Convergence in distribution

Let Tn be a sequence of random variables that converges to N(0,1) in distribution.

Call Y = 2*Tn + 1

Compute

E[Y] =

Var[Y] =

Let Phi be the cumulative distribution function (cdf) of the standard Gaussian distribution. In terms of Phi, what is the limit, as n tends to infinity, of P(|Tn + 2| <= 8)?

P(|Tn + 2| <= 8) =

To compute E[Y], we can use the linearity of expectation:

E[Y] = E[2*Tn + 1]
= E[2*Tn] + E[1]
= 2*E[Tn] + 1.

Since Tn converges to N(0,1) in distribution, E[Tn] converges to 0. Therefore, the limit of E[Y] as n tends to infinity is 1.

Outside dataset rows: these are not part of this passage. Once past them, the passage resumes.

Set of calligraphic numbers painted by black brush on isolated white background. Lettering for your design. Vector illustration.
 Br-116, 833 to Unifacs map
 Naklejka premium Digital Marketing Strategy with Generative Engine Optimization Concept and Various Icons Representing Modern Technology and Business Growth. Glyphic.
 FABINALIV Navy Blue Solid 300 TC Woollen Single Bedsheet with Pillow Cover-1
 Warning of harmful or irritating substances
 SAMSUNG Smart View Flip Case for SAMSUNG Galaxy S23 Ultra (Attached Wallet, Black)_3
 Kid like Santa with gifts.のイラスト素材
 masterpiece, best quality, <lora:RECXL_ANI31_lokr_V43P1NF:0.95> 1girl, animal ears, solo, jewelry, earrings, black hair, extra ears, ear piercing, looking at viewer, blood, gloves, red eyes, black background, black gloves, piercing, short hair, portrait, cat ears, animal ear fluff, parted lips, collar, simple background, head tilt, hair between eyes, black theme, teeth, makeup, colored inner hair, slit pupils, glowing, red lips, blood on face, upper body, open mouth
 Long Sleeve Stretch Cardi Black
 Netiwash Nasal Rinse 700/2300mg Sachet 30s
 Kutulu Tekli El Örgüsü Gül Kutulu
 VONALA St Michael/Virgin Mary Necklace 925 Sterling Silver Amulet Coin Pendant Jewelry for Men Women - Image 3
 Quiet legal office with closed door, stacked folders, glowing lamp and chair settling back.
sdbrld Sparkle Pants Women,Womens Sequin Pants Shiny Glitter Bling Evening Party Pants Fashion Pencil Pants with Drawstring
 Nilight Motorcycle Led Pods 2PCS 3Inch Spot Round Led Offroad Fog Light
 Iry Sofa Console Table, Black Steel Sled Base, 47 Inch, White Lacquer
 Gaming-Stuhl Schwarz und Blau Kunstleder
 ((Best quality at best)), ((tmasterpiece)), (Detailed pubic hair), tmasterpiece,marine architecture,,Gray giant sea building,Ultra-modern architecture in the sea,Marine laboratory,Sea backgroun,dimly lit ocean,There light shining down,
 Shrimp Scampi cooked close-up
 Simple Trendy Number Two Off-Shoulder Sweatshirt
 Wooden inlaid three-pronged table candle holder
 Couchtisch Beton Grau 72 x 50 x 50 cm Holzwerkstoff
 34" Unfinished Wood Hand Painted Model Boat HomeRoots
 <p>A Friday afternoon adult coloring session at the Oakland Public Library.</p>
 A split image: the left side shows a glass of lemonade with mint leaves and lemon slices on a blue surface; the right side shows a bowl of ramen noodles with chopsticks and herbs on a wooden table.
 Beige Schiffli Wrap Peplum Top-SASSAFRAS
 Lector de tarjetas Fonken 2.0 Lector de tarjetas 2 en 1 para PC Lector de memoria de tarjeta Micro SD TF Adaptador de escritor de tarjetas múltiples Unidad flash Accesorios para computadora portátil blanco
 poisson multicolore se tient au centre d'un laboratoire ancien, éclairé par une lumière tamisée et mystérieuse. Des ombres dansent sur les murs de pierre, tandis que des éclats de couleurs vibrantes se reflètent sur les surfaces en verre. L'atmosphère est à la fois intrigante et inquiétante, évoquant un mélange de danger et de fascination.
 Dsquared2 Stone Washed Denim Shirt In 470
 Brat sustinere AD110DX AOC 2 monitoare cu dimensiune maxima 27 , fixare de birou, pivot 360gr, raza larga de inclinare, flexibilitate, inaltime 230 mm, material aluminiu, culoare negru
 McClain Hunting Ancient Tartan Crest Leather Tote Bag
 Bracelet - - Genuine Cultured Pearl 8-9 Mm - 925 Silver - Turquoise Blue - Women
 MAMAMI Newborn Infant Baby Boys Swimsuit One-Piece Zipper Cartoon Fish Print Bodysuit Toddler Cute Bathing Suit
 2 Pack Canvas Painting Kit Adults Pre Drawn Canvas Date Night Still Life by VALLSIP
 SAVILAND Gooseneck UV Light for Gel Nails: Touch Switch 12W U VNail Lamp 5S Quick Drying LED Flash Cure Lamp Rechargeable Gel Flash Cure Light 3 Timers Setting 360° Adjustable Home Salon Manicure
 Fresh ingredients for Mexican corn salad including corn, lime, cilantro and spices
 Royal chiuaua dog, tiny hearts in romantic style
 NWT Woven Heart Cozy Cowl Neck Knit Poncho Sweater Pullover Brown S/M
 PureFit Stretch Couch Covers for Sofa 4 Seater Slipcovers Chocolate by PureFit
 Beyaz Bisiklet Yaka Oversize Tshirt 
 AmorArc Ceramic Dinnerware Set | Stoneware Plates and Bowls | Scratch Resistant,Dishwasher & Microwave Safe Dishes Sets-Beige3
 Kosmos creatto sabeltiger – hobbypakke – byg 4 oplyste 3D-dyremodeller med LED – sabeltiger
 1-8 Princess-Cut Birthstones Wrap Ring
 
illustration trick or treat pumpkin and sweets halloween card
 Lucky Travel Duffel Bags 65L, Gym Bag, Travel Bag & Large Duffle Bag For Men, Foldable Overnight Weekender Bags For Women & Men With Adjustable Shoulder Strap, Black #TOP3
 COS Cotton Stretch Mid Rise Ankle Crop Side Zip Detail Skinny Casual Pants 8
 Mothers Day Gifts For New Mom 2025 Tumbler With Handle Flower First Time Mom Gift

To compute Var[Y], we can use the property that Var[aX + b] = a^2*Var[X] for any constants a and b:

Var[Y] = Var[2*Tn + 1]
= Var[2*Tn]
= 4*Var[Tn].

Since Tn converges to N(0,1) in distribution, Var[Tn] converges to 1. Therefore, the limit of Var[Y] as n tends to infinity is 4.

To compute P(|Tn + 2| <= 8), we can use the definition of convergence in distribution. We know that Tn converges to N(0,1) in distribution, which means that for any continuous bounded function g(x), we have:

lim n->∞ P(Tn ≤ x) = P(N(0,1) ≤ x).

In this case, we want to find the limit as n tends to infinity of P(|Tn + 2| ≤ 8). Let's denote this limit as P(|N(0,1) + 2| ≤ 8).

Since the standard Gaussian distribution is symmetric around 0, we can rewrite this probability as:

P(-8 ≤ N(0,1) + 2 ≤ 8)
= P(-10 ≤ N(0,1) ≤ 6).

Using the cumulative distribution function (cdf) of the standard Gaussian distribution, we can write this probability as:

P(-10 ≤ N(0,1) ≤ 6) = Φ(6) - Φ(-10).

Therefore, the limit of P(|Tn + 2| ≤ 8) as n tends to infinity is Φ(6) - Φ(-10).